### What you should do
For this exercise, retype every record below exactly and keep the pictures out.

=== Section Start ===

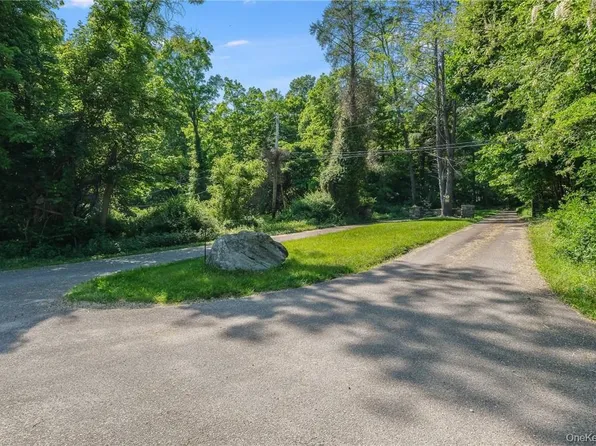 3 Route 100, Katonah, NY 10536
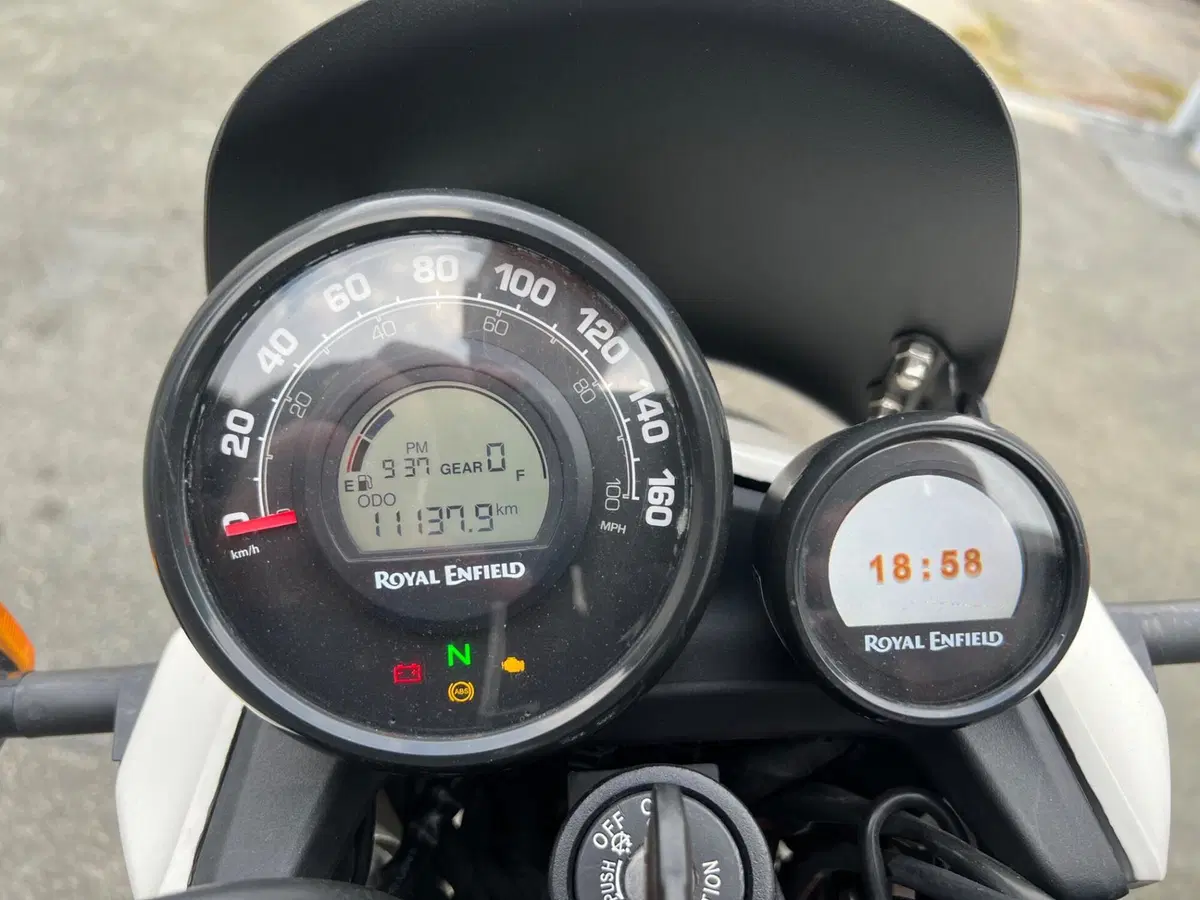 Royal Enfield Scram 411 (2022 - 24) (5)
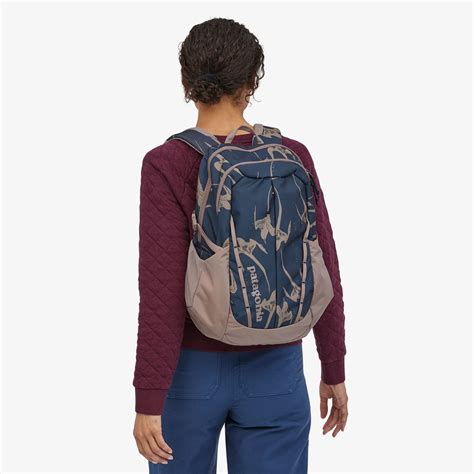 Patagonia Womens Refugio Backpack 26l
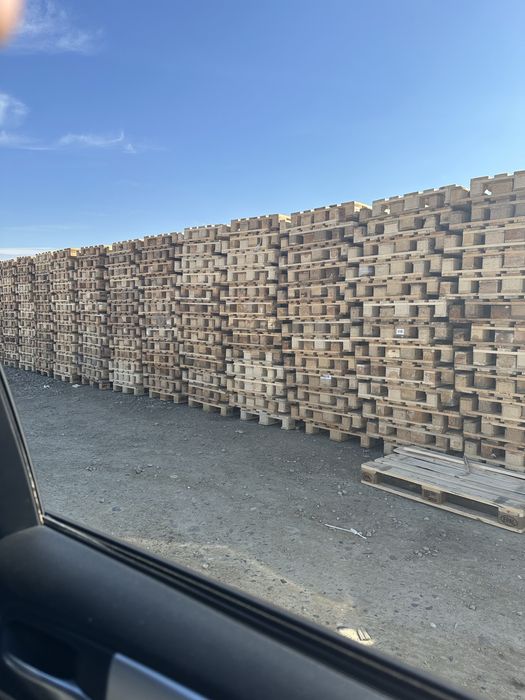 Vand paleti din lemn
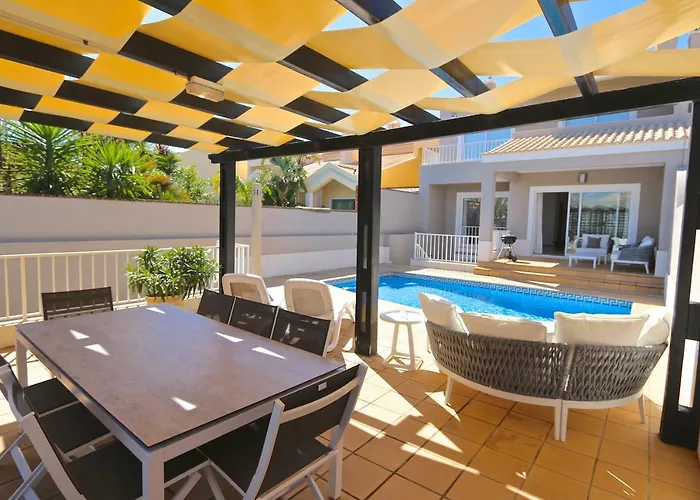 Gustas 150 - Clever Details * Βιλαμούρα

=== Section End ===

### Answer below
 3 Route 100, Katonah, NY 10536
 Royal Enfield Scram 411 (2022 - 24) (5)
 Patagonia Womens Refugio Backpack 26l
 Vand paleti din lemn
 Gustas 150 - Clever Details * Βιλαμούρα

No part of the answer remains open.